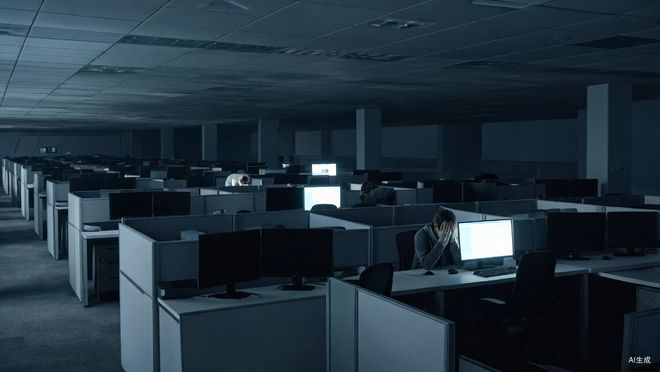 AI抢饭碗：1100人只剩400人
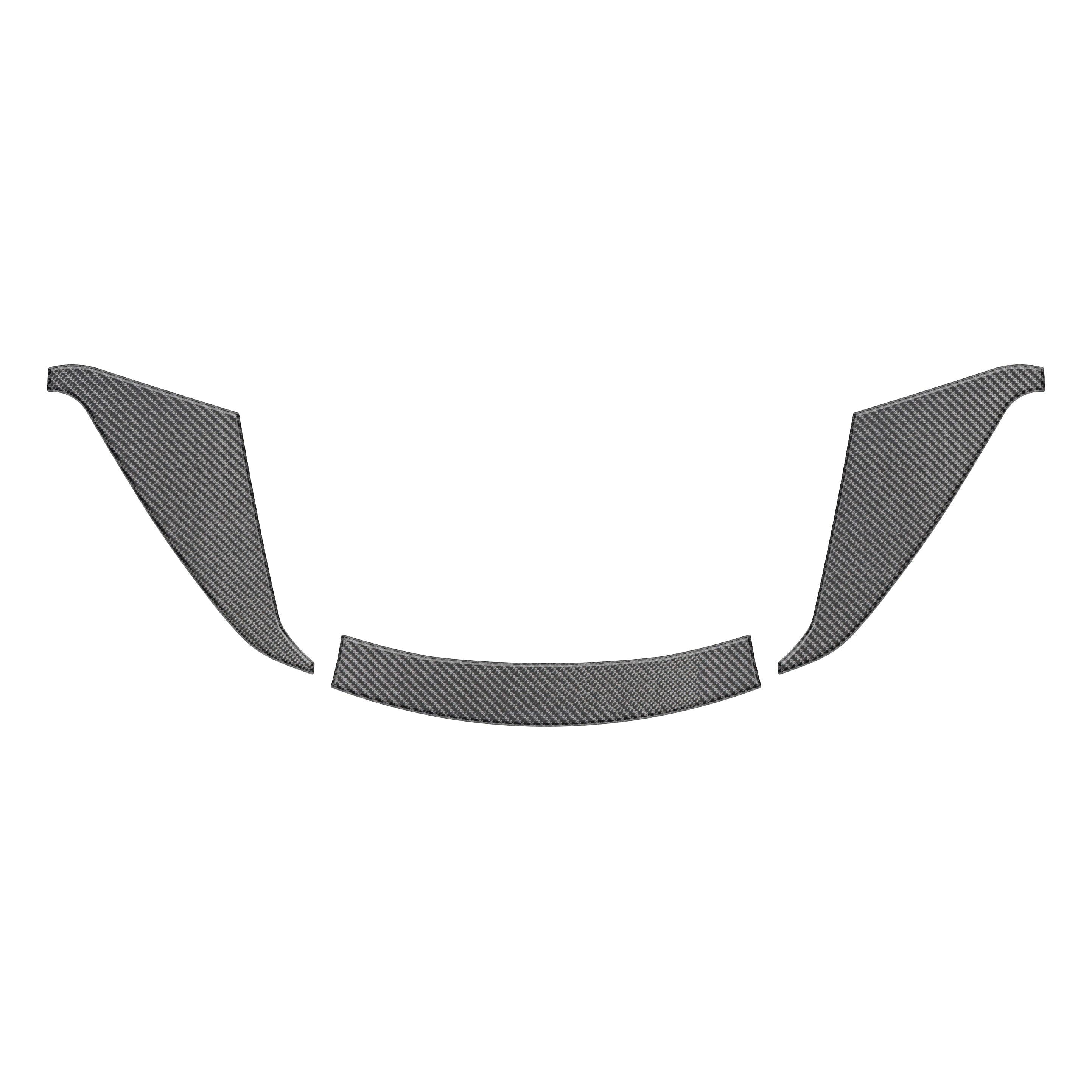 Front Cowl Accent Overlays Fits 2020-2024 Can-Am Spyder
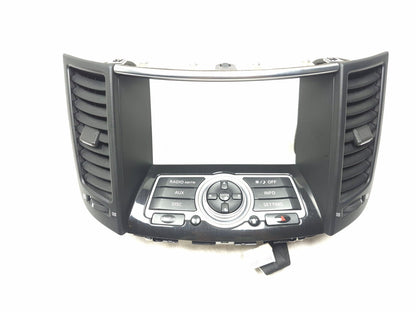 2009 Infiniti Fx35 Dashboard Radio Bezel Trim W/ Switch OEM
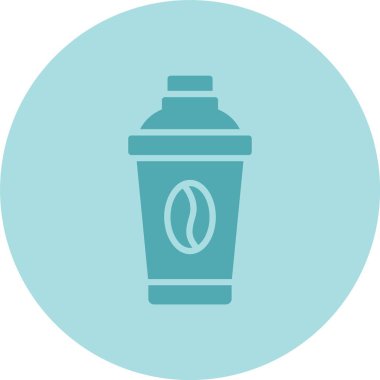 Titreşen Kabartma Çemberi Gradyan Simgesi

-=-=-

YOUR GOAL: Leave out the images and repeat the rest of the data word for word.

COMPLETED TASK:
 AI抢饭碗：1100人只剩400人
 Front Cowl Accent Overlays Fits 2020-2024 Can-Am Spyder
 2009 Infiniti Fx35 Dashboard Radio Bezel Trim W/ Switch OEM
 Titreşen Kabartma Çemberi Gradyan Simgesi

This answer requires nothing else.